As I travel across our state and talk to small business owners and farmers about what the federal government can do to help get our economy moving, I hear a familiar refrain: just get the federal government out of the way. While there has been a great focus on the impact government overspending and taxation has on the economy, there has been far less attention focused on the impact of government over-regulation. And as I talk to more and more people in Michigan, I have become convinced that the three most feared letters in the federal alphabet soup of regulatory agencies are no longer IRS, it is now EPA.
It seems that the U.S. Environmental Protection Agency (EPA) cannot regulate enough, and is unconcerned about any potential negative effects on jobs that their regulations would cause. In fact, in recent congressional testimony a high ranking EPA official was asked if the EPA took into consideration the impact on jobs and he said no. When asked why, he simply stated: “because we don’t have to.” In this difficult economy that is simply wrong. The EPA’s regulatory over-reaches are legendary to American farmers. In recent years, the EPA has tried to regulate spilled milk as oil and every mud puddle on a farm as a navigable waterway. Their regulatory over-reaches without fail impose massive new costs on farmers and eliminate countless jobs.
Within Congress, I have been working to reign in the overzealous EPA regulators and their seemingly never-ending over-regulation. My goal is to ensure that our nation’s regulators keep their focus on protecting our environment, but also on protecting much needed jobs and strengthening our economy.
Just this week, I voted to stop the EPA from another out-of-control regulatory over-reach. The EPA wants to double the standard by which our nation regulates farm dust by putting another undue burden on our nation’s farmers. I sometimes wonder if anyone from the EPA has ever visited a farm. Farmers work with the soil in fields where sometimes dust is stirred up. They also work in rural areas on unpaved roads that again cause the creation of dust. Dust is a fact of life in rural America and our farmers have gone to great lengths to conserve soil which helps to prevent undue amounts of dust.
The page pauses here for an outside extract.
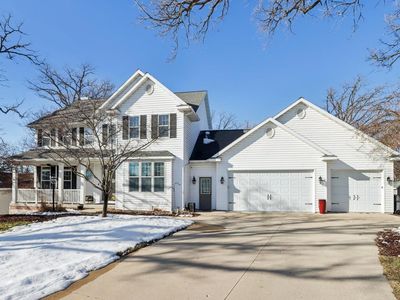 602 Woodhaven Court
What they do not need is another Washington bureaucrat making their job even more difficult and more expensive.
I am proud to have supported and voted for passage in the U.S. House of H.R.1633, the Farm Dust Regulation prevention Act of 2011 which would prohibit the EPA from burdening farmers and small business owners in rural America with additional dust regulations.
We must all now urge the U.S. Senate to swiftly pass this bill and ensure that the EPA doesn’t continue to create more regulatory dust that is choking America’s farmers.